All of this argues, along with your statement about west rising with the King on the second round of hearts, that perhaps we should have begun by winning the DA on the first round, followed by three rounds of Spades, then a Heart to the Ace, followed by a Heart, intending to play the 9 if West follows low. It’s too complicated for me to calculate the deadly hands, when West has no more than a doubleton Spade or doubleton Club. Or we might rely on West not finding the optimal line of play, should he hold HKJ87, which is what he would do were I East. In life, we rely on the kindness of strangers, and in Bridge, that of opponents.

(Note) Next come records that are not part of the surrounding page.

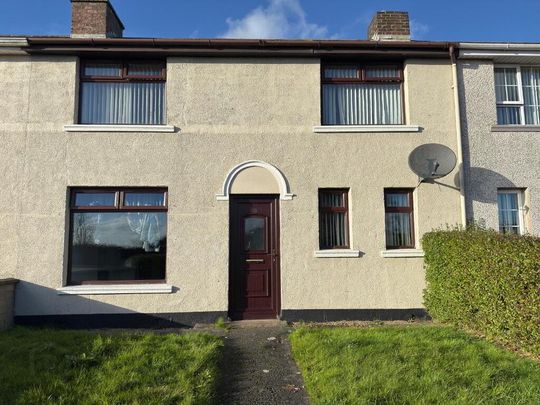 Kelpie Terrace, 2 Coalisland, Dungannon, BT71 4JL - Photo 1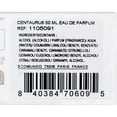 thumbnail image 4 of Creed Centaurus Eau de Parfum, 1.7 oz, 4 of 5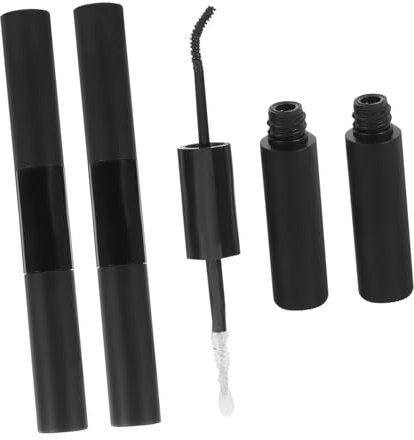 OATIPHO 3piezas Pegamento Pestañas Postizas Pegamento Sellar Extensiones Pestañas Diy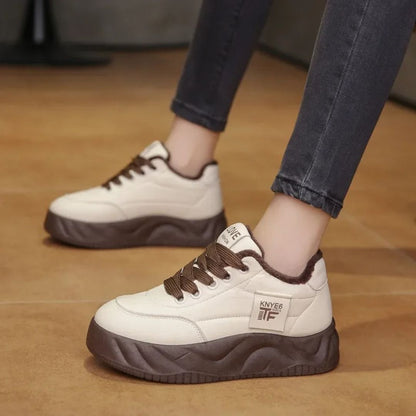 Savioke™ - Tenis Stride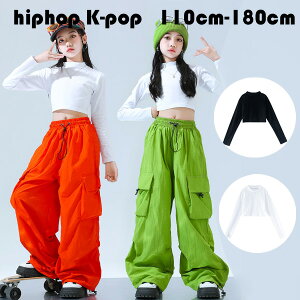 _Xߑ LbY TVc TVc TVc nTVc  c̕ o ̎q ւo gbvX J[Spc  k   `A_X _XEGA jazz \ c V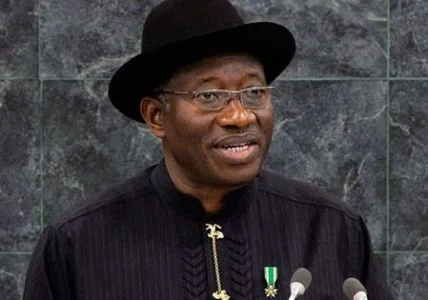 jonathan.JPG jonathan.JPG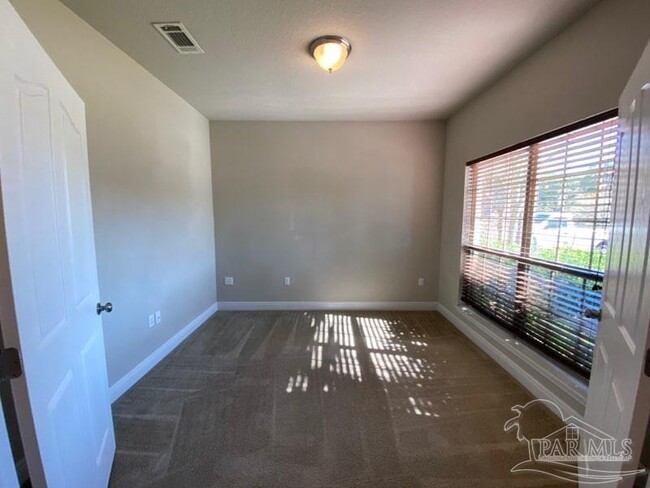 Building Photo - 3080 Windward Cove Ct
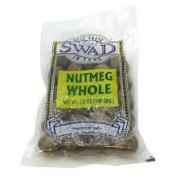 SWAD Nutmeg Whole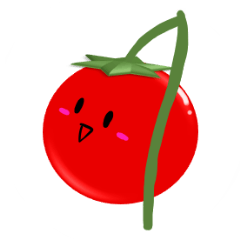 tomato.(1)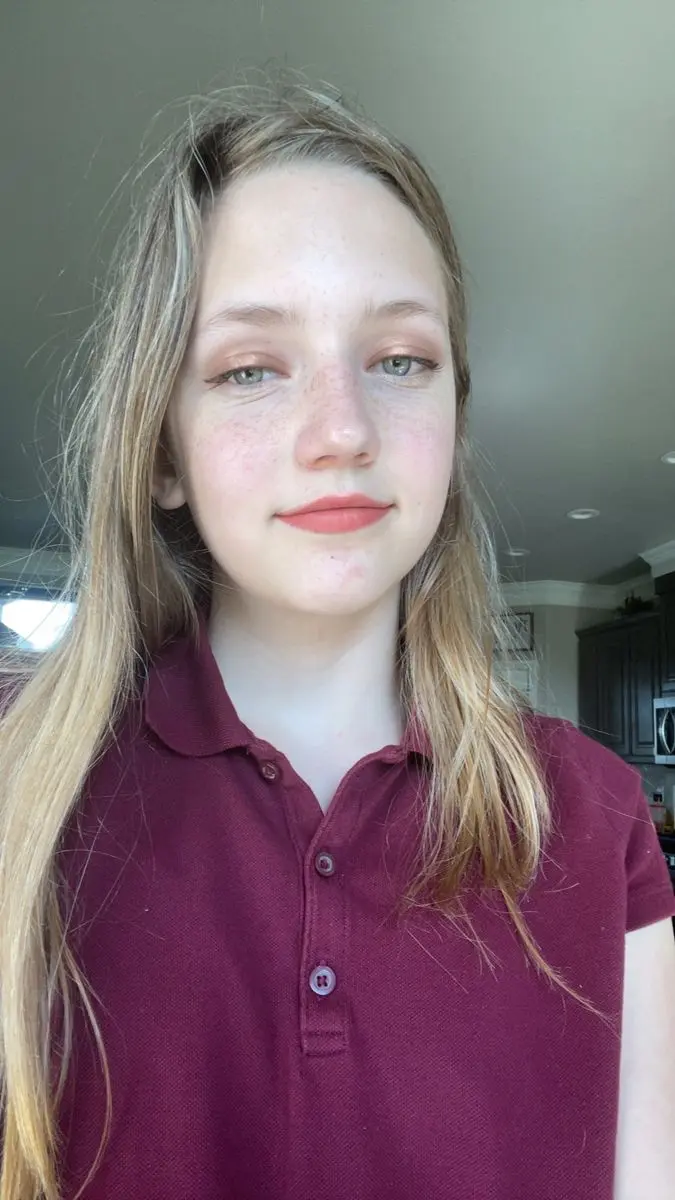 Ada21 (18) female from DE - sexting partner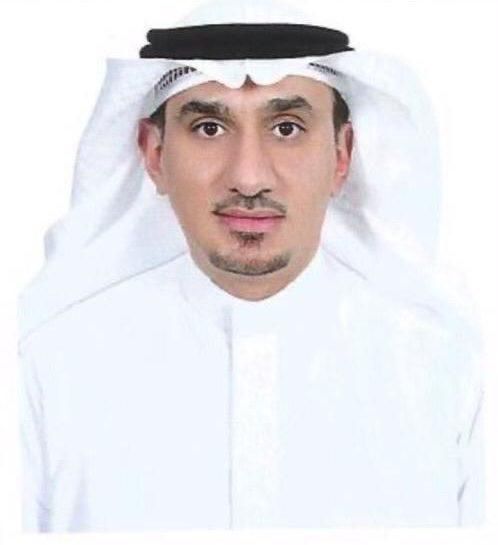 غسان بوخمسين يكتب: من الذرة إلى المجتمع.. كيف يحكمنا قانون الطاقة الأدنى؟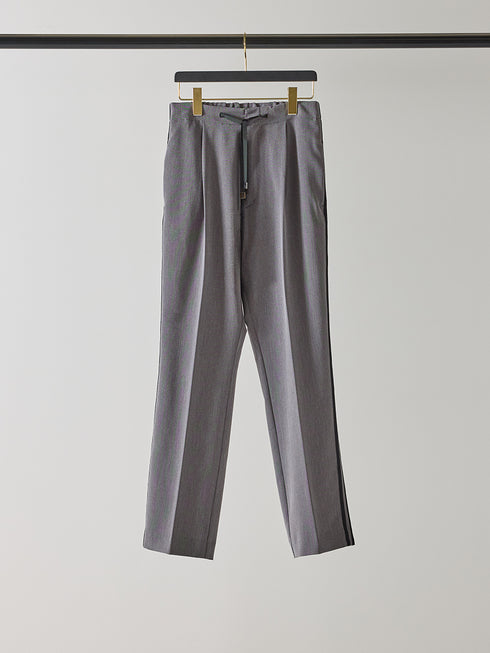 ラインスラックス /M253-33002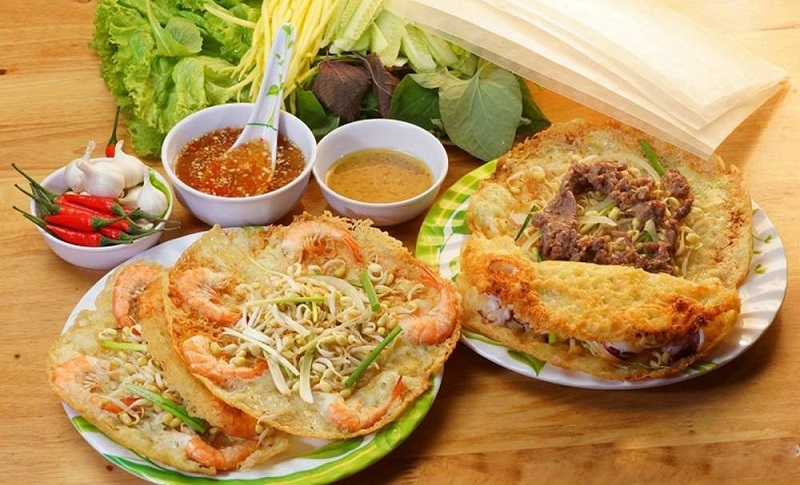 banh-xeo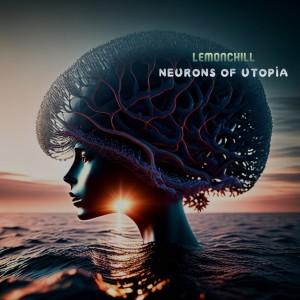 Album Neurons of Utopia from Lemonchill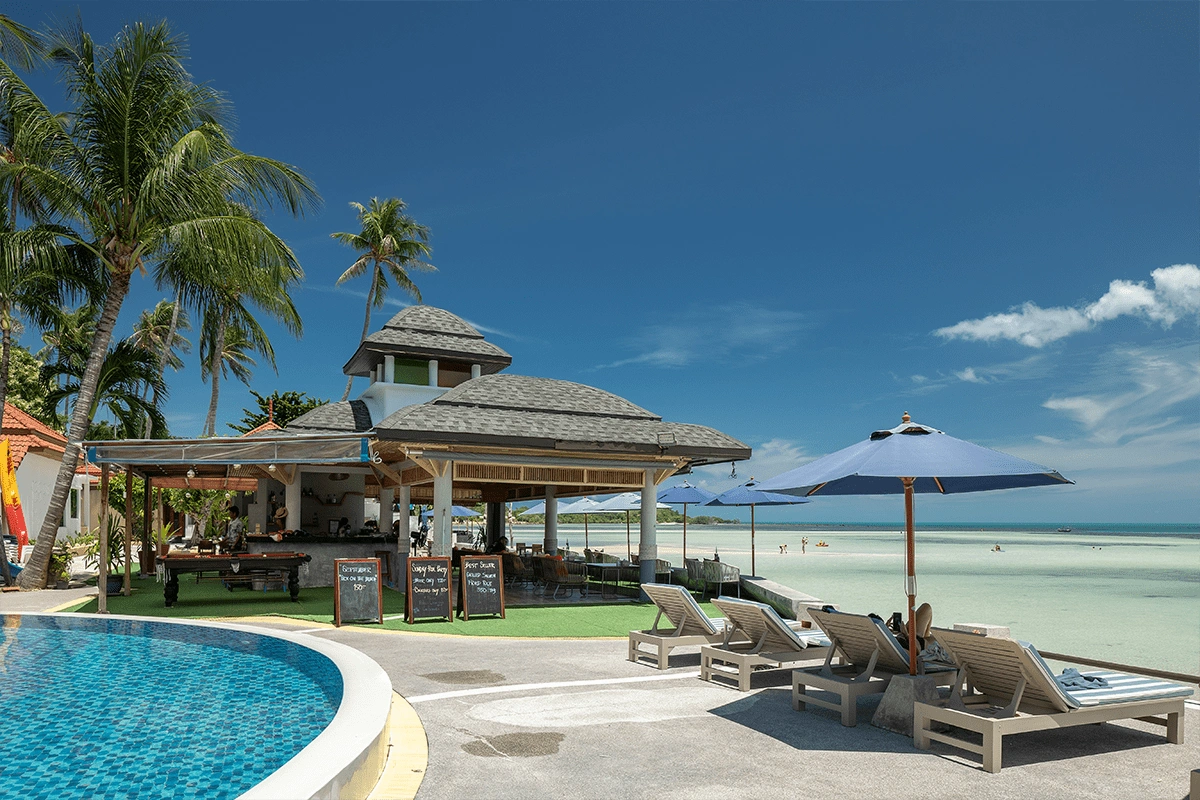 Chaba_Cabana_Beach_Resort_hotel03-min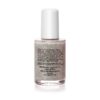 piggy paint glitterbug nail polish 0.5 fl. oz.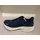 Herren Midnight Blue/Varsity Navy 42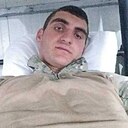 Знакомства: Nika, 30 лет, Тбилиси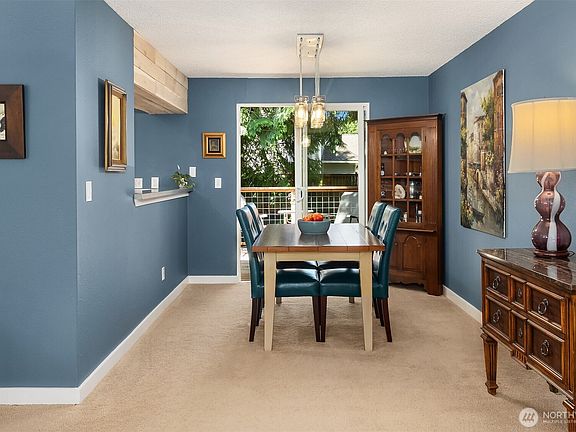 3rd image of 16409 29th Drive SE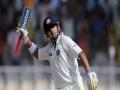 Gambhir never shied away from challenge on cricket field, says VVS Laxman - Hindi News | Gambhir never shied away from challenge on cricket field, says VVS Laxman | Latest cricket News at Lokmattimes.com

Iain ClimieJune 26th, 2019 at 4:30 pm

Hi Bob, Bobby,

Any case for 3 rounds of spades dumping a diamond before playing A and another heart? I accept that if West improbably has 6 spades and (say) HKJx or Kxx this could look a bit silly, but there is a rather higher risk that spades are 5-3 and there is a possible trump promotion. Against aggressive players, these concerns may not apply but it would be just typical if West had HKx and East had Sxxx and HJ10x or similar. Partner is then best advised not to say “Wouldn’t it have been easier just to play HAx first….” until the end of the session at least, and preferably not at all.



Iain ClimieJune 26th, 2019 at 5:16 pm

Hi Bob,

Looks like your 2nd post and mine crossed!